I wanted to drink in every part of her. I slid my hands under her shirt, and she pulled back, laughing, and stepped off the boulder. “This place feels like another country,” she said.

“I know what you mean.” I took her hand and pulled her straight into the desert. We were Adam and Eve on Mars.

“It makes me want to move off the grid.”

“Just go off into the wilderness like a hermit or something?” I asked.

“Yeah. Well, not a hermit. I’d want a guy with me.” She glanced at me. “My husband and kids, someday. But yeah, sometimes I think about it. I wish I had a big piece of land like this, far away from everything, with no computers, maybe not even a phone, and a beautiful house and a . . . a farm or something. I’d raise my own food.”

I smiled. “You obviously don’t know much about farming.”

“Well, not here, but somewhere you could farm.”

“You want to wake up at the crack, squeeze nasty cow titties to get milk, chop wood in the freezing cold, pull a bunch of weeds, and then—what?”

She was giggling. “Did you say ‘cow titties’?”
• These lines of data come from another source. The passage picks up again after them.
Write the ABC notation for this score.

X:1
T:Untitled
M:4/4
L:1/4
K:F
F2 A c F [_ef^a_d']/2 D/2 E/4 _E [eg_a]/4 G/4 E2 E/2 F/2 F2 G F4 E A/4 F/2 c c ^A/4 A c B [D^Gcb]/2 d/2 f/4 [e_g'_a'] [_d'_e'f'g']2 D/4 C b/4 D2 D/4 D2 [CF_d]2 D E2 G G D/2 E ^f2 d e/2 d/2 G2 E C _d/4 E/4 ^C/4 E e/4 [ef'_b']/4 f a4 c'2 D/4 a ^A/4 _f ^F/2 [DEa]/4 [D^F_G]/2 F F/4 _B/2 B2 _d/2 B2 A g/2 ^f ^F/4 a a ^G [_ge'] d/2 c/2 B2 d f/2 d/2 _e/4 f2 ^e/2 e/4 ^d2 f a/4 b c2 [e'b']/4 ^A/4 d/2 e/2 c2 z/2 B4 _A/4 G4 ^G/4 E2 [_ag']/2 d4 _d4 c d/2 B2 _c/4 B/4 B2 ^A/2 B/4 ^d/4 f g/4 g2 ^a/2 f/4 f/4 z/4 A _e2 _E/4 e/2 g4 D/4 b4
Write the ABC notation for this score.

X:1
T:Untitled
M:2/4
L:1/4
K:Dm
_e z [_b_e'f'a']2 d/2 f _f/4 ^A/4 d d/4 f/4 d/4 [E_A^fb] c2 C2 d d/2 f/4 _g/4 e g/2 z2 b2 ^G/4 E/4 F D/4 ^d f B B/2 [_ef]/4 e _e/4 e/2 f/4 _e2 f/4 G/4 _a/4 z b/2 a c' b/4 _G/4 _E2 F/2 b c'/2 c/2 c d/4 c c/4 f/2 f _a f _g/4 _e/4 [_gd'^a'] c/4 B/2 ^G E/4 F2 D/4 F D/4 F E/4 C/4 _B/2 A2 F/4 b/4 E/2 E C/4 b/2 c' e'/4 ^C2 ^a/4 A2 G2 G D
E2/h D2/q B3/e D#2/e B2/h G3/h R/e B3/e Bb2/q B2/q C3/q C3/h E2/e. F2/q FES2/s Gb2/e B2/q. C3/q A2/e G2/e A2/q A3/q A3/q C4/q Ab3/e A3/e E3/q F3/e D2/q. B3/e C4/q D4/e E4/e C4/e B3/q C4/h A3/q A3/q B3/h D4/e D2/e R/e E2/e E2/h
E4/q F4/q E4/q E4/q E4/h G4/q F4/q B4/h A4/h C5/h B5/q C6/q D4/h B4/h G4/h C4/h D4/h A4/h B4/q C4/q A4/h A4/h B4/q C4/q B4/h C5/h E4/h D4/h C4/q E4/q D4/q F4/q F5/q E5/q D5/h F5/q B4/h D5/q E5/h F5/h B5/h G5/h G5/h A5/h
I nodded and said, “Big droopy cow titties,” because I loved her laugh. Then I added, “The way to go off the grid is save up bank, rent a cabin somewhere with restaurants like five miles down the road, and live there for a month until you get sick of it.”

“That’s too easy. I like things to be hard.”

“Yeah, you do.” I kissed her.

“I warned you.” She kicked a stone, and it went thumping across the ground into a prickly bush. “What do you think it was like before computers and cell phones? Before everybody started living online?”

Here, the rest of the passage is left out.